L'étude s'est concentrée sur l'analyse du transcriptome complet de 10 lignées cellulaires de cancer gastrique, englobant quatre sous-types distincts de CG. Pour ce faire, les chercheurs ont utilisé une approche en deux volets impliquant les technologies Iso-seq et RNA-seq.

Technologie Iso-seq : La technologie Iso-seq, une méthode de séquençage à la pointe, a été utilisée pour capturer des transcrits complets. Cette méthode a fourni des longueurs de lecture plus longues par rapport au séquençage traditionnel, permettant une représentation plus précise de l'ensemble du transcrit. Cette approche a permis l'identification de nouveaux transcrits qui auraient pu être manqués par les techniques de séquençage précédentes.

Technologie RNA-seq : En plus de l'Iso-seq, la technologie RNA-seq a été utilisée pour obtenir des données quantitatives sur l'expression des gènes. Cette technologie a fourni des informations sur l'abondance relative des différents transcrits dans les lignées cellulaires.

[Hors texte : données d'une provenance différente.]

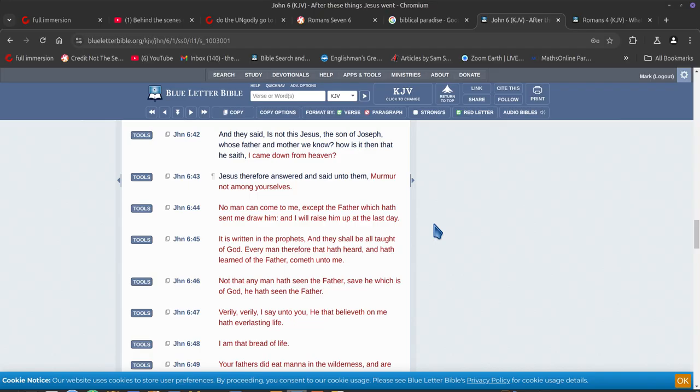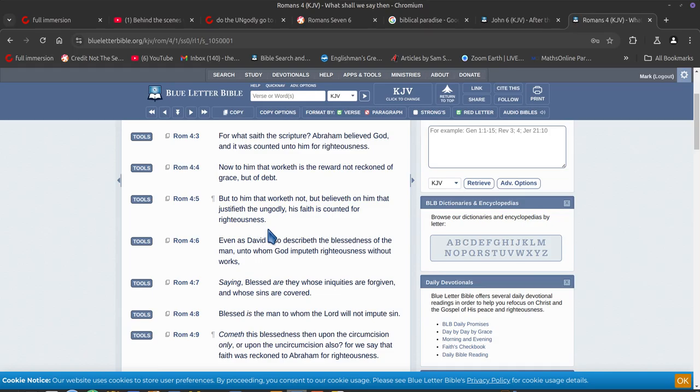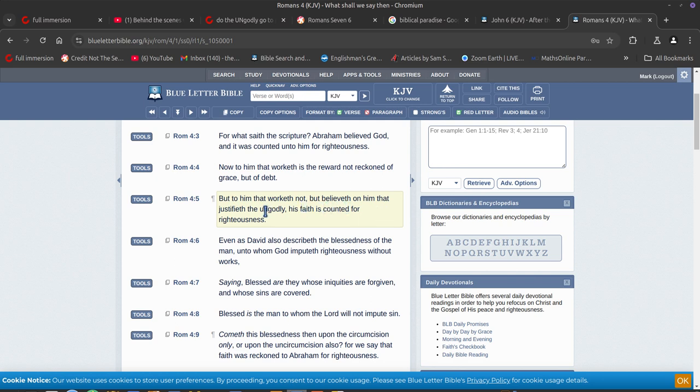You'll see here, Romans 4, I got this from a once saved, always saved fella, not my cup of tea, I don't like that sort of thing, but anyway. But to him that worketh not, but believe on him that justifieth the ungodly. So you don't have to do any works, that's what they're saying.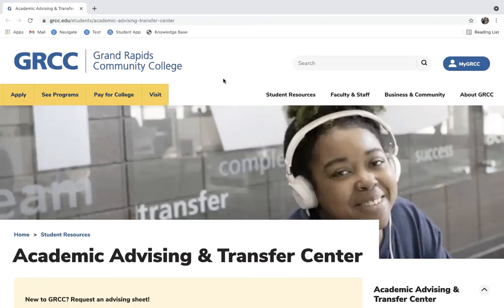Hello, here's how you schedule an academic advising appointment with the Academic Advising and Transfer Center using the new Navigate system at GRCC.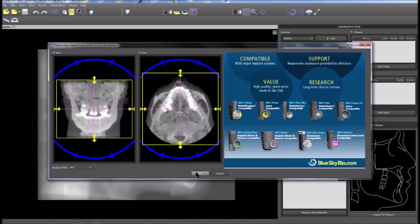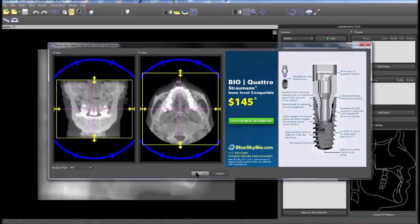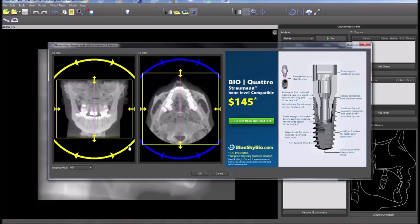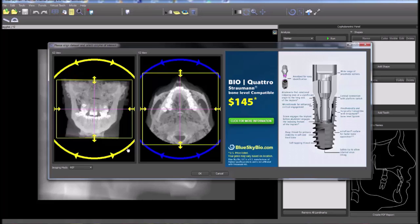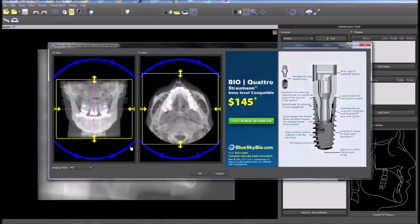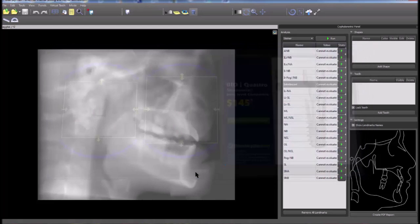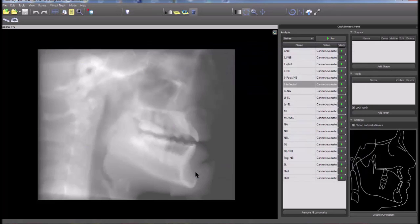In the Align Dataset window, rotate the views using the surrounding circular widgets if necessary in order to ensure that the scan is completely straight. Click OK to load the image.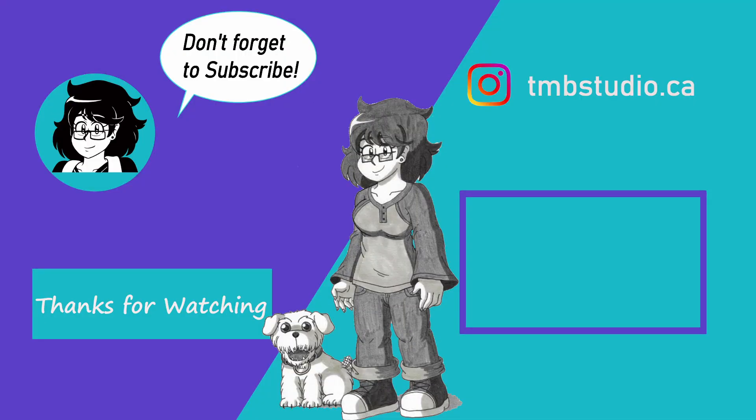Please be sure to hit the subscribe button if you would like to see more of my videos. Be sure to ring the bell if you would like to get notifications when I post new videos. Thank you for watching.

Paysage du transcriptome à longues lectures dans les lignées cellulaires du cancer gastrique. (Huang et al., 2021)

• Résultats

Un nombre significatif de transcrits complets non redondants a été identifié, avec plus de 60 % représentant des transcrits nouvellement découverts. Cela souligne la puissance du séquençage longitudinale pour capturer des éléments du transcriptome précédemment non annotés. Des transcrits novateurs ont été trouvés spécifiques à des sous-types, suggérant un lien potentiel entre ces transcrits et les sous-types distincts du cancer gastrique. De plus, il semblait y avoir une préférence dépendante du sous-type pour l'épissage alternatif. Les transcrits nouvellement découverts présentaient des caractéristiques structurelles plus complexes par rapport aux transcrits précédemment connus, indiquant l'existence de mécanismes régulateurs complexes impliqués dans ces sous-types de cancer gastrique. Des promoteurs alternatifs ont été identifiés dans environ 25 % des gènes analysés. Il est important de noter que beaucoup de ces promoteurs alternatifs étaient associés à des changements fonctionnels dans les protéines qu'ils codent, pouvant avoir un impact sur la progression de la maladie. L'ensemble de données complet généré par cette étude a des implications au-delà de ses résultats immédiats. On s'attend à ce que les variantes de transcrits identifiées offrent un potentiel diagnostique amélioré et contribuent à des évaluations pronostiques plus précises pour différents sous-types de cancer gastrique.

Les résultats de l'étude ont également fourni une ressource précieuse de données de transcriptome en pleine longueur, non seulement pour une exploration plus approfondie du cancer gastrique, mais aussi pour l'étude d'autres malignités gastro-intestinales.

Références :

1. Veiga, Diogo FT, et al. "Une plateforme d'analyse complète des isoformes à longues lectures et une ressource de séquençage pour le cancer du sein." Science Advances 8.3 (2022) : eabg6711.
2. Huang, Kie Kyon, et al. "Le séquençage du transcriptome à longues lectures révèle une abondante diversité de promoteurs dans des sous-types moléculaires distincts du cancer gastrique." Biologie du génome 22 (2021) : 1-24.